Como nadadores, escondiendo la cabeza en el agua de la propia melodía, los músicos de la banda íbamos hacia la tarima forrada de terciopelo rojo desbastado, llevando en brazos ese pedazo de metal o madera, gastadito pero cálido. Nos conocíamos poco, algunos casi nada. Ahora que lo pienso, después de lo que pasó, tal vez sea muy importante contar algunas cosas para intentar explicar, con suerte, una parte de los hechos. Por ejemplo: parece increíble cómo la gente que almuerza todos los días en el mismo lugar, se sienta en la mesa que eligió la primera vez y cuando la encuentra ocupada se incomoda.
Así repetíamos la ceremonia como un ritual. Paso a paso, desde el principio, ese breve contacto a solas con el instrumento, espacio para el reencuentro de aquella parte del alma que dejábamos dos horas más tarde en el armario de Don Luis, nuestro director, para ir a ganarnos la vida en lo que podíamos. Sabido es: el sueldo de la Secretaria de Cultura no alcanza ni para pagar la luz.
Yo era de llegar apurado, cinco minutos antes del comienzo. Volando a la taquilla, dejar el bolso, manotear la tuba y después derecho hacia Don Luis, que nos esperaba sentado a esa mesa ridículamente chica, meta cigarros negros sin filtro y cara de culo. Jamás me olvidaba de saludar al tambor, que me respondía como un resorte, mano bien abierta en lo alto, la clase de tipo que parece esperar una foto.
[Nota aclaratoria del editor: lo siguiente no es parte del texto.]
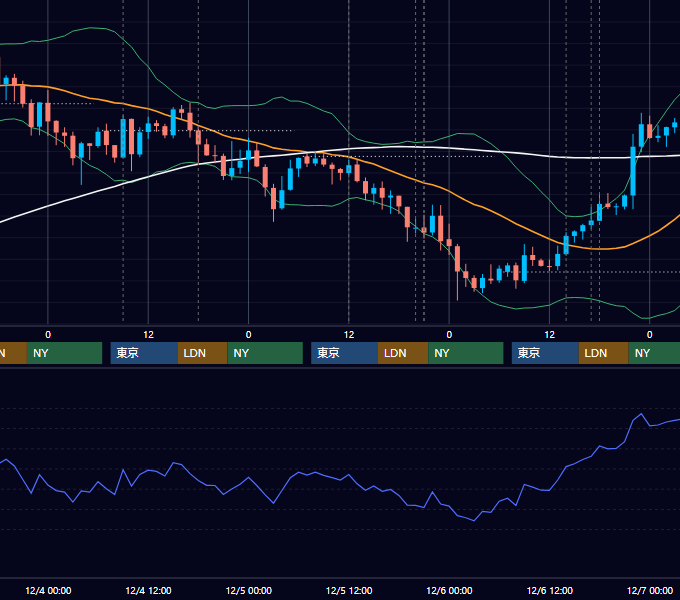 2013年12月2日〜12月6日 GBP/JPY 1時間足チャート
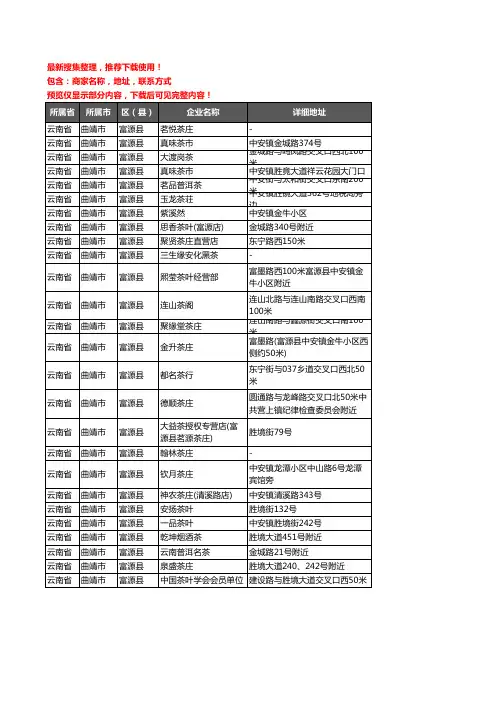 新版云南省曲靖市富源县茶具企业公司商家户名录单联系方式地址大全26家
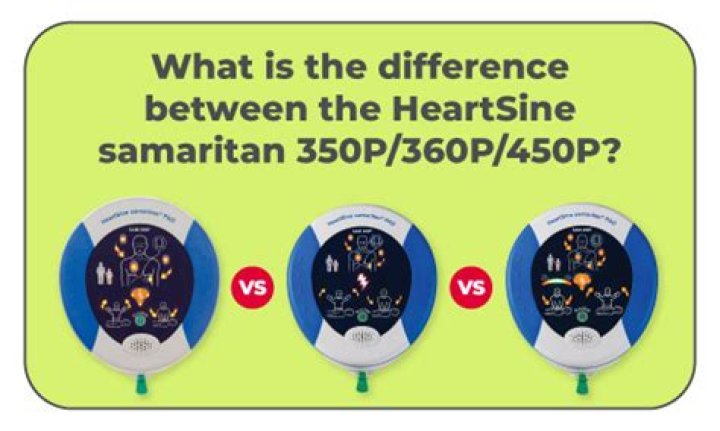 What is HeartSine Samaritan?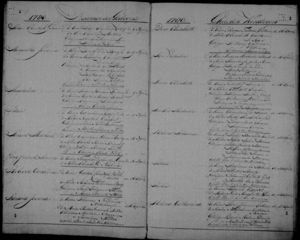 Baptismal record Paulus Keijser 23 Apr 1780, David Keijser and Anna Margaretha Klem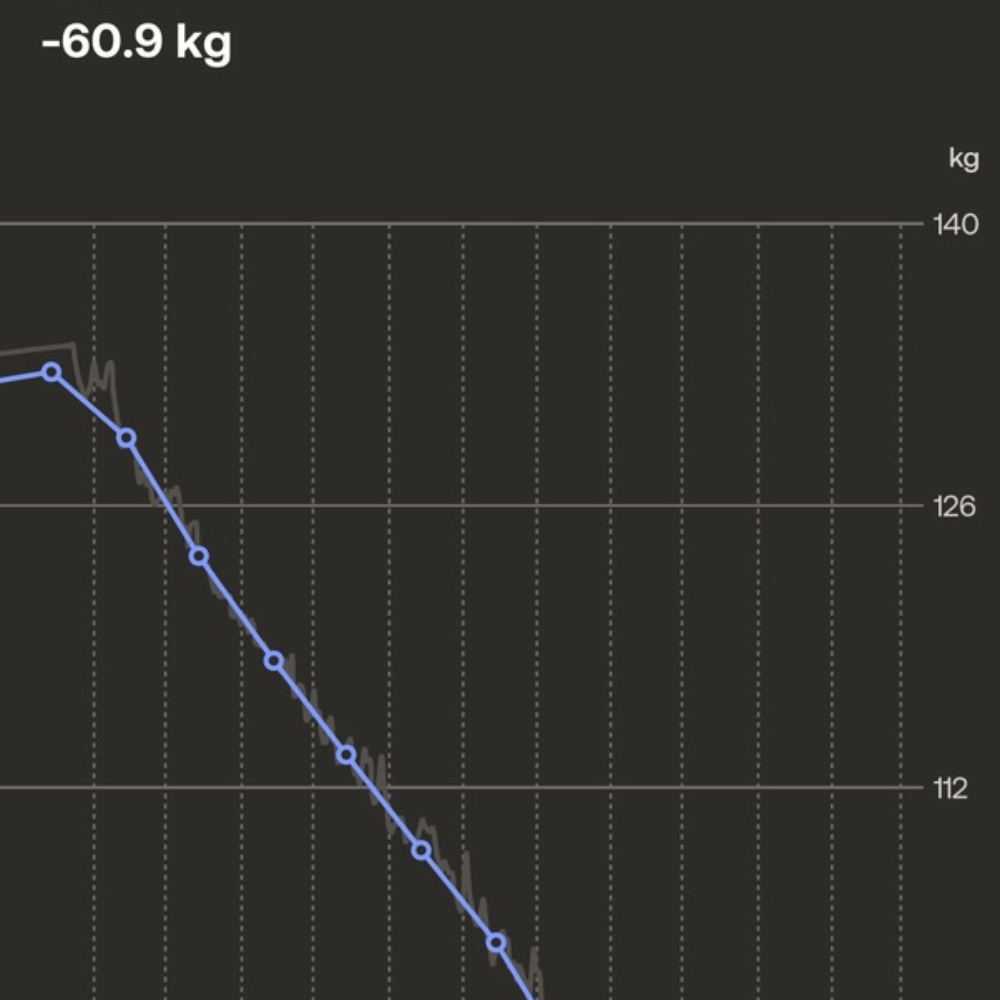 体重の変化(@134to67さんより提供)
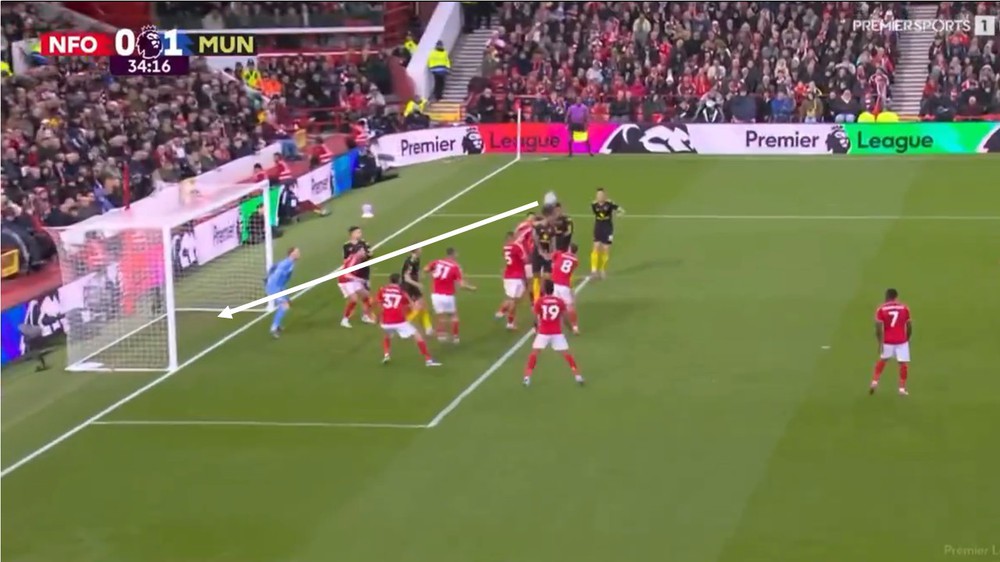 TRỰC TIẾP bóng đá Nottingham vs MU: Kết thúc hiệp 1, MU dẫn trước với tỷ số 1-0 - Ảnh 3.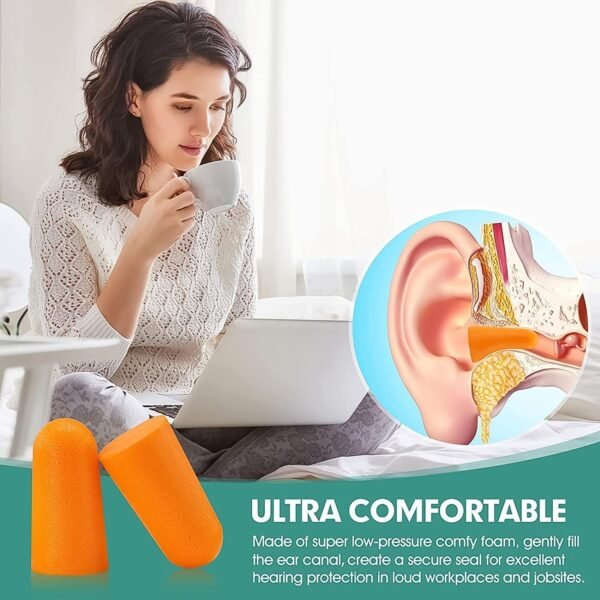 earpluge-05.jpg Reusable Noise Reduction Foam Ear Plugs (2 Pair Set)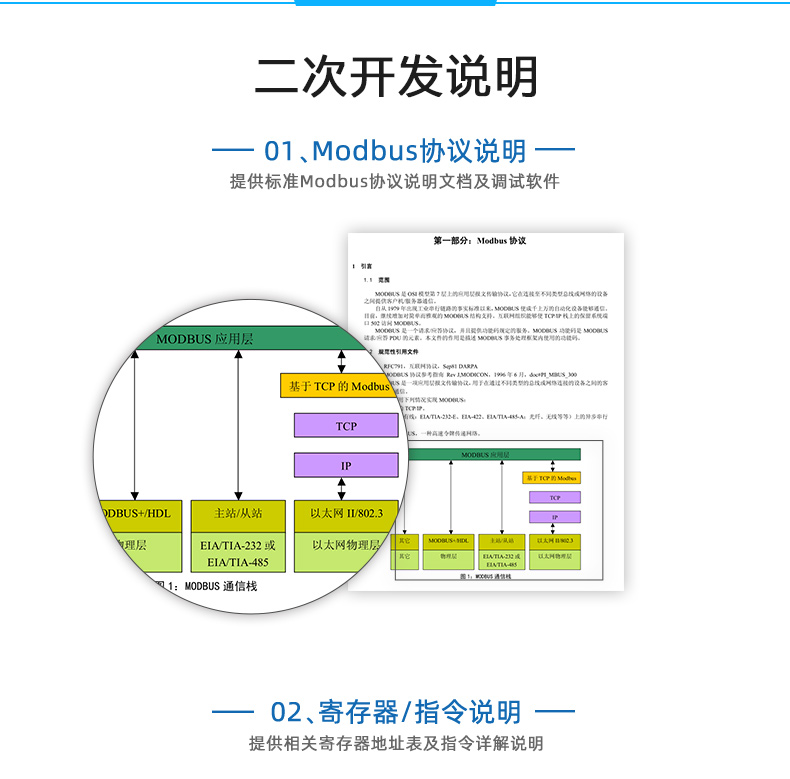 DAM-PT06 远程测控 温度采集模块二次开发说明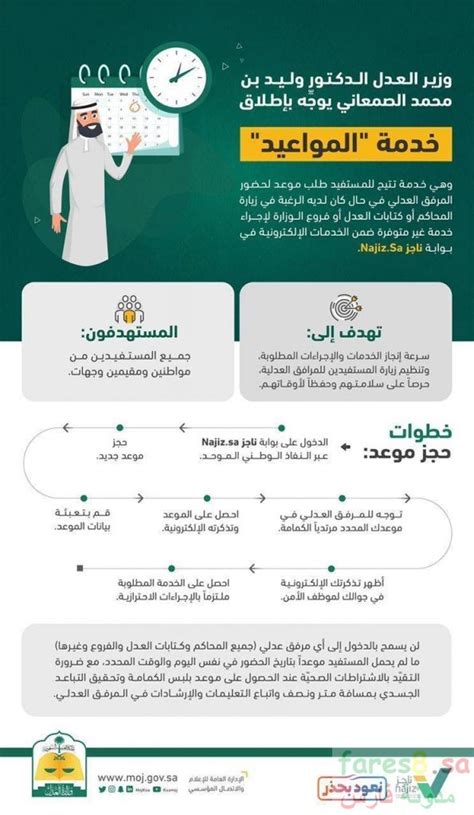 الترشح لتقديم خدمة الاستشارات القانونية عبر مركز ناجز. شرح طريقة حجز موعد عن طريق ناجز وزارة العدل لمراجعة ...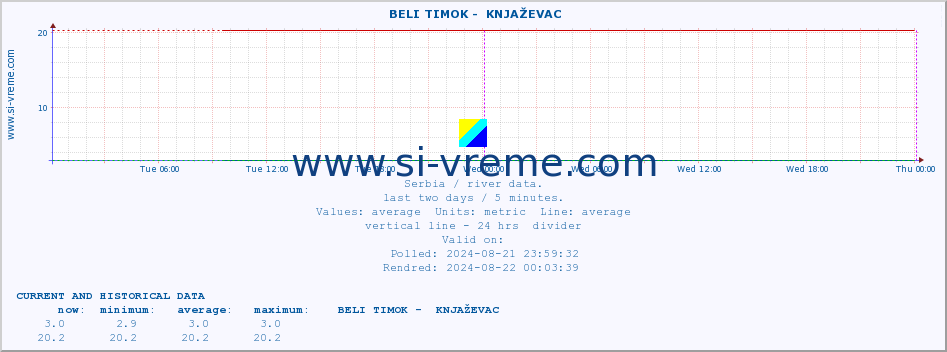  ::  BELI TIMOK -  KNJAŽEVAC :: height |  |  :: last two days / 5 minutes.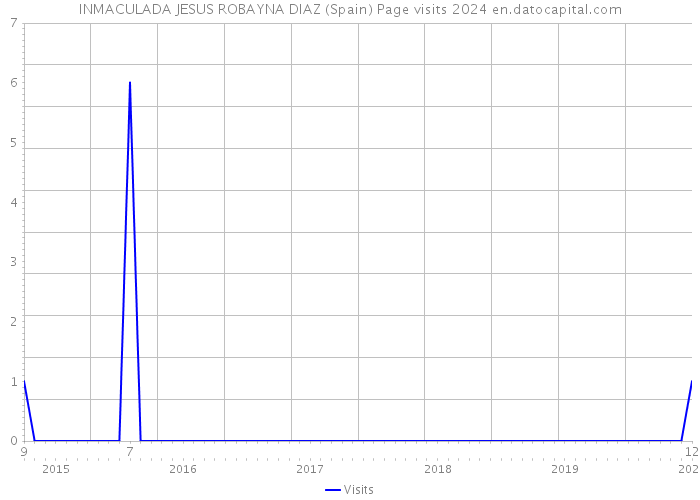 INMACULADA JESUS ROBAYNA DIAZ (Spain) Page visits 2024 
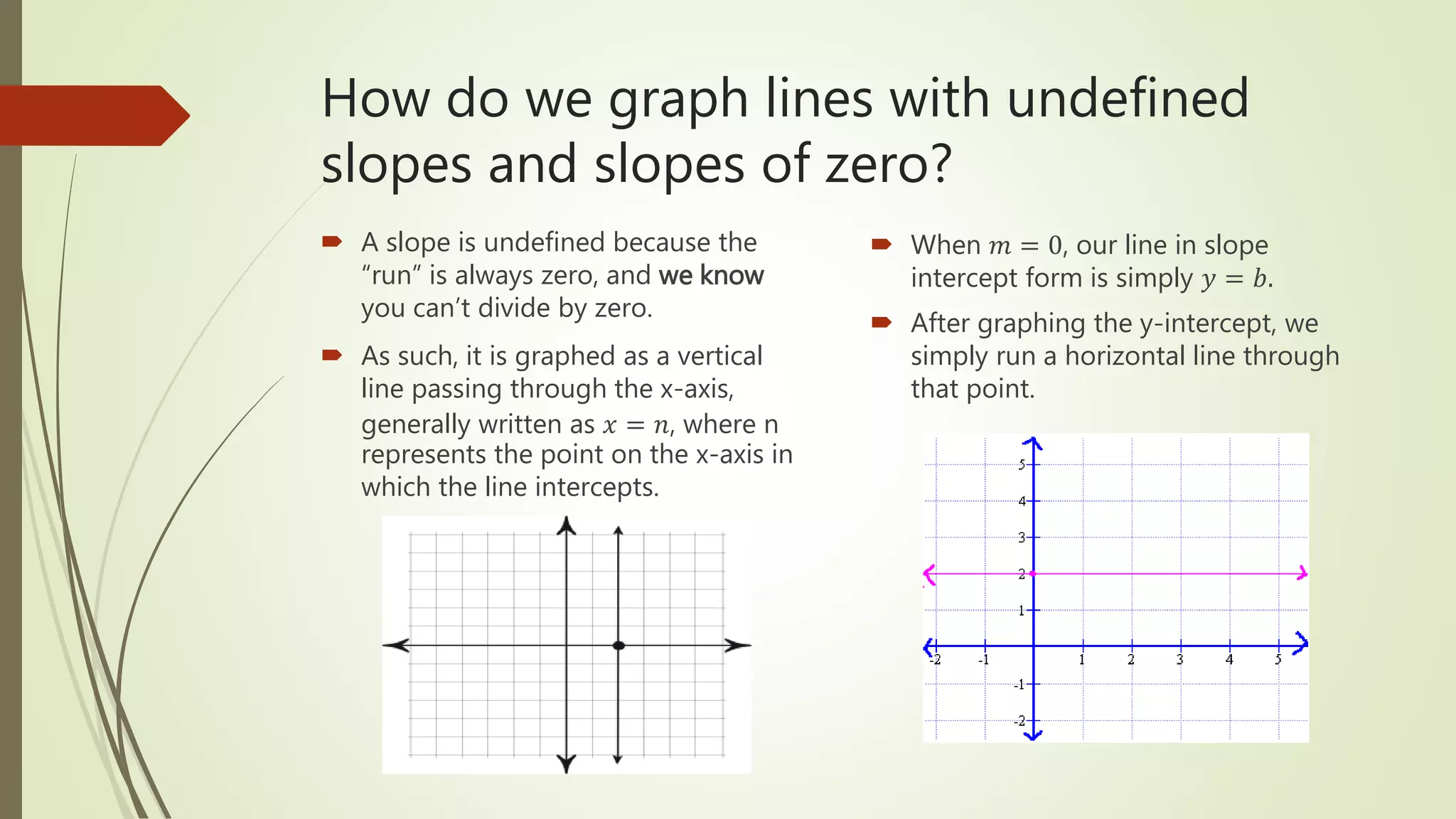 How do we graph lines with undefined
slopes and slopes of zero?
 A slope is undefined because the
“run” is always zero, and we know
you can’t divide by zero.
 As such, it is graphed as a vertical
line passing through the x-axis,
generally written as 𝑥 = 𝑛, where n
represents the point on the x-axis in
which the line intercepts.
 When 𝑚 = 0, our line in slope
intercept form is simply 𝑦 = 𝑏.
 After graphing the y-intercept, we
simply run a horizontal line through
that point.
 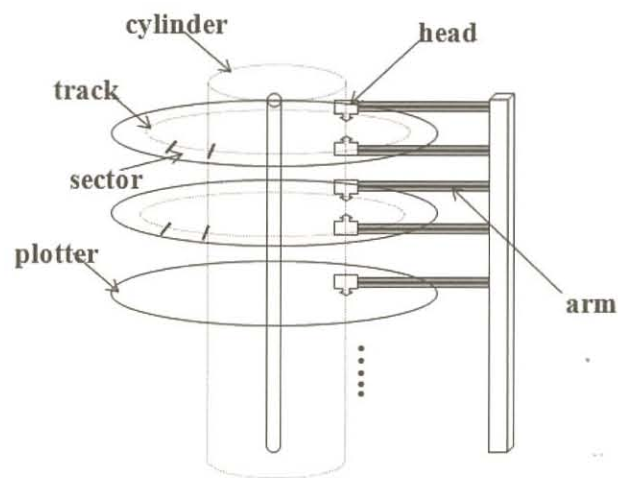 disk_structure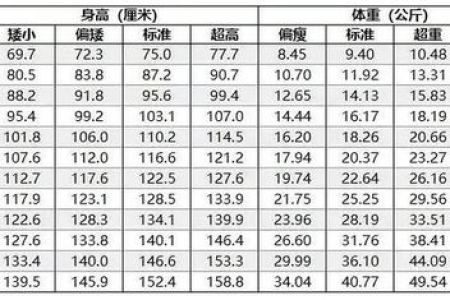 12岁孩子身高体重正常范围是多少？爸妈必看实用指南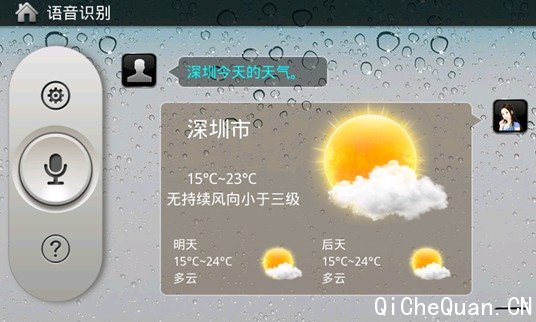 ȫ�������� �������������Ʊ�֮��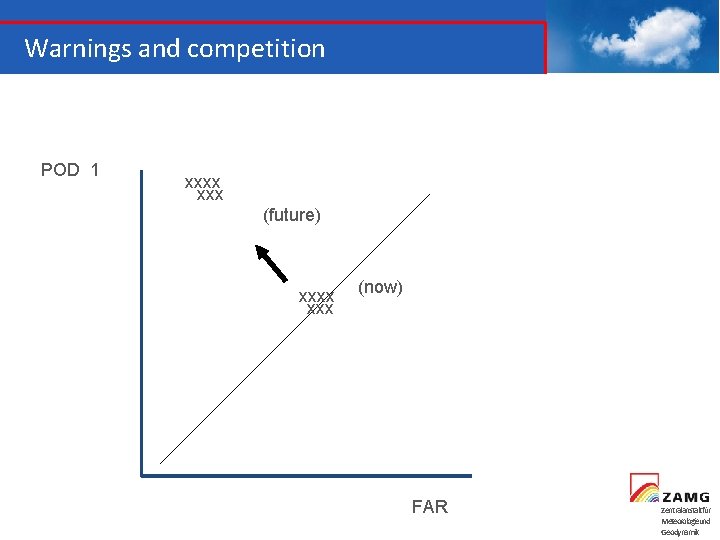 Warnings and competition POD 1 xxxx (future) xxxx (now) FAR Zentralanstaltfür Meteorologieund Geodynamik 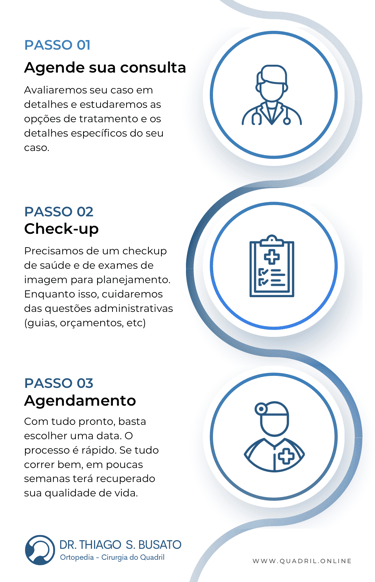 Etapas para se fazer uma prótese de quadril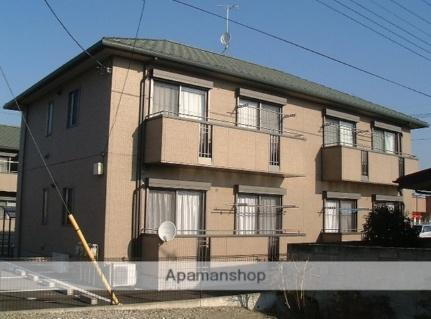 アレックスＩＳＯＢ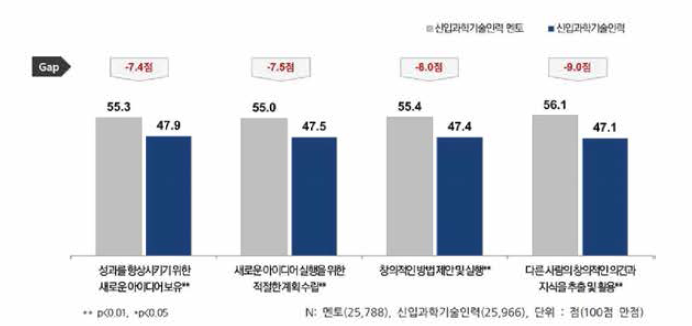 창의성 항목별 멘토 및 신입과기인 현재수준 인식 비교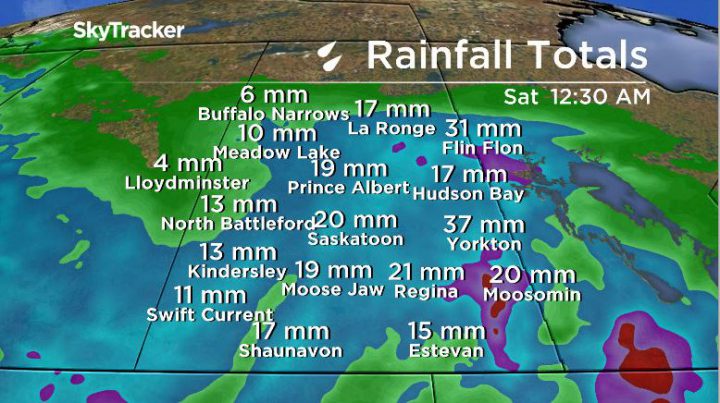 Saskatoon could see up to 20 mm of rain on Friday.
El tambor: brazos largos, flaco de esos que toda la vida fueron flacos y que, cruzada la línea de los cuarenta, no puede negar lo que siempre fue. Vaya a saber qué infancia le había dejado semejante cicatriz justo abajo del ojo izquierdo, un arañazo de alambre, un rasguño del Diablo hubiese dicho mi abuela Mecha, en paz descanse. Pelo oscuro cortado a la navaja, patillas rapadas, ojeras permanentes, distintivas de quienes sufren del hígado, según escuché por la radio alguna vez.
Eterno cansado, el tambor era el primero en llegar a los ensayos. Sentado en la parecita sin terminar, justo al lado de la cancha de básquet, esperaba entre el humo de los Parissien y nos saludaba a todos de la misma forma, sin decir una palabra.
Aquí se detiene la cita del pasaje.